Task. Below are the entries to work from; restate word for word the portion that opens with the line containing "Audi stuur met" and closes with the line containing "Slam Dunk (Scan) Chapter 35 - Trang 3", keeping both.

Entries shown.
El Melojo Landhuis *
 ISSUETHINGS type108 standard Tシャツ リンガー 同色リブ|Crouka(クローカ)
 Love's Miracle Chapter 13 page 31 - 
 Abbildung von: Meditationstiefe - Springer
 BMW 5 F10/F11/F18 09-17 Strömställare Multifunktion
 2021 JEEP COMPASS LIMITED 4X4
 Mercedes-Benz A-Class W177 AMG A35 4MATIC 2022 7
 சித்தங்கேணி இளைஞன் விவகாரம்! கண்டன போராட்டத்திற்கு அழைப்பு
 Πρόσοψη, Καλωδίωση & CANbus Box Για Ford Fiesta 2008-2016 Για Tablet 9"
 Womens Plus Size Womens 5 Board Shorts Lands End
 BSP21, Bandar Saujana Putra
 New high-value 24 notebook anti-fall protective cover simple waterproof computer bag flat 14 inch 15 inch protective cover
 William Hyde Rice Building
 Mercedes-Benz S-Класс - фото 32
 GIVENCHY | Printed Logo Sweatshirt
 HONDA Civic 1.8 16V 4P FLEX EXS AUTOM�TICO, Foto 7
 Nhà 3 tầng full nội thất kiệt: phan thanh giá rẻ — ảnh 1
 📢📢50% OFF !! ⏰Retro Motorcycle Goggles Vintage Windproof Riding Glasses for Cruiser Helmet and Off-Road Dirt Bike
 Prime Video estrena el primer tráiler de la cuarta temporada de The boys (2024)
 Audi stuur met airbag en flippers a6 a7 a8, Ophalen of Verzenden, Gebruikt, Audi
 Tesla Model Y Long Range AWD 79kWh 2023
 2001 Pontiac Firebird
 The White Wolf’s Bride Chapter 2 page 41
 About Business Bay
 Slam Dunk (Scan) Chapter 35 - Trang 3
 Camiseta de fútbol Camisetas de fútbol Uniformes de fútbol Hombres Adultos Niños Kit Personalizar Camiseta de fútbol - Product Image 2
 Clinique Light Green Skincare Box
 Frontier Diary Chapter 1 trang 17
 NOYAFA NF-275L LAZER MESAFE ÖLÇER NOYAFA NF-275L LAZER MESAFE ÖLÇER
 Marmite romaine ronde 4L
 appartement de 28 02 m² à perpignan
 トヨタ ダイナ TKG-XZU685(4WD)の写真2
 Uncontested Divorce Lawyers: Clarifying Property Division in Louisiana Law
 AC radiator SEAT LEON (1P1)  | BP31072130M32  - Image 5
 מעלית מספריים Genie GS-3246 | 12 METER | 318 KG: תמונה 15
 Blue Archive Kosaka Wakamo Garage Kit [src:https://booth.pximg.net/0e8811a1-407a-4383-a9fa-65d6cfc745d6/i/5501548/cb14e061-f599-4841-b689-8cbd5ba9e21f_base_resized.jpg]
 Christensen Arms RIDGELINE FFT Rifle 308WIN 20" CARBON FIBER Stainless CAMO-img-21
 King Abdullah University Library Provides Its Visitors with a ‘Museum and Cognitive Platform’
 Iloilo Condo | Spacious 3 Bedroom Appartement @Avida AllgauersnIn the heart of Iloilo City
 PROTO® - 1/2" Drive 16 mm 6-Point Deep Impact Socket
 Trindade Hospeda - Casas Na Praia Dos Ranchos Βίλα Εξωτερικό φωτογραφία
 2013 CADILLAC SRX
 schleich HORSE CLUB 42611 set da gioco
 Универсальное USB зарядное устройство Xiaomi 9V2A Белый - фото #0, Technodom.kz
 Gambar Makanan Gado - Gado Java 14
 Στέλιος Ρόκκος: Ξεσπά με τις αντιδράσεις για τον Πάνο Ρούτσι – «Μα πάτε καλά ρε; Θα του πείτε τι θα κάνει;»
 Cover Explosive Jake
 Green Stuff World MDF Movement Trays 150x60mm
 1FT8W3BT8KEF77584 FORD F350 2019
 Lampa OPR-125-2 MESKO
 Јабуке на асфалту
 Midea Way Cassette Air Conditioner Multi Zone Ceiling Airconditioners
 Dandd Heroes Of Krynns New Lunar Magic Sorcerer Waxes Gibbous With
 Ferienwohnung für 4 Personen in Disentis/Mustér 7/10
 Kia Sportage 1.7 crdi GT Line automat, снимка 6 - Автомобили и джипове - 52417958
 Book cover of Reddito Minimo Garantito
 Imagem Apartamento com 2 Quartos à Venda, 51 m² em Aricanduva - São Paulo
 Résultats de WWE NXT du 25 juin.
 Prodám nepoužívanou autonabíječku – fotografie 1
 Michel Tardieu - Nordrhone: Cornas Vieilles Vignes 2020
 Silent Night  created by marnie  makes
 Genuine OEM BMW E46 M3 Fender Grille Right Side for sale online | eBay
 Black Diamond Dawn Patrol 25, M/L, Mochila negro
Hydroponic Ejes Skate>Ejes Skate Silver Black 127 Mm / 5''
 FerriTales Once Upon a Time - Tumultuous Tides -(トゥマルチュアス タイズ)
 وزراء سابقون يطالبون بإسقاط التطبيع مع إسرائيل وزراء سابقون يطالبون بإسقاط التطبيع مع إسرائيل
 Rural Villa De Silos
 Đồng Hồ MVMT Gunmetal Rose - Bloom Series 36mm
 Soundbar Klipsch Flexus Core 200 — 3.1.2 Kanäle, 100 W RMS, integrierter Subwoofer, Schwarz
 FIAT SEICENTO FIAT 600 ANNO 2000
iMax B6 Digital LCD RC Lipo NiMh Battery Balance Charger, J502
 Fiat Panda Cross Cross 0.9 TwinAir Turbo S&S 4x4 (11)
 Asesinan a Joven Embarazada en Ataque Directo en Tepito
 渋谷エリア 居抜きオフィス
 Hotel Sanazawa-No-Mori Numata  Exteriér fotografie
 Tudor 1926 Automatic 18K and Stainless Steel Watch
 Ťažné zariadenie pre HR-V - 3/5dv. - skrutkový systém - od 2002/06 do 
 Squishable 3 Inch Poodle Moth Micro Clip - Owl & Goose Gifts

Problem solution.
 Audi stuur met airbag en flippers a6 a7 a8, Ophalen of Verzenden, Gebruikt, Audi
 Tesla Model Y Long Range AWD 79kWh 2023
 2001 Pontiac Firebird
 The White Wolf’s Bride Chapter 2 page 41
 About Business Bay
 Slam Dunk (Scan) Chapter 35 - Trang 3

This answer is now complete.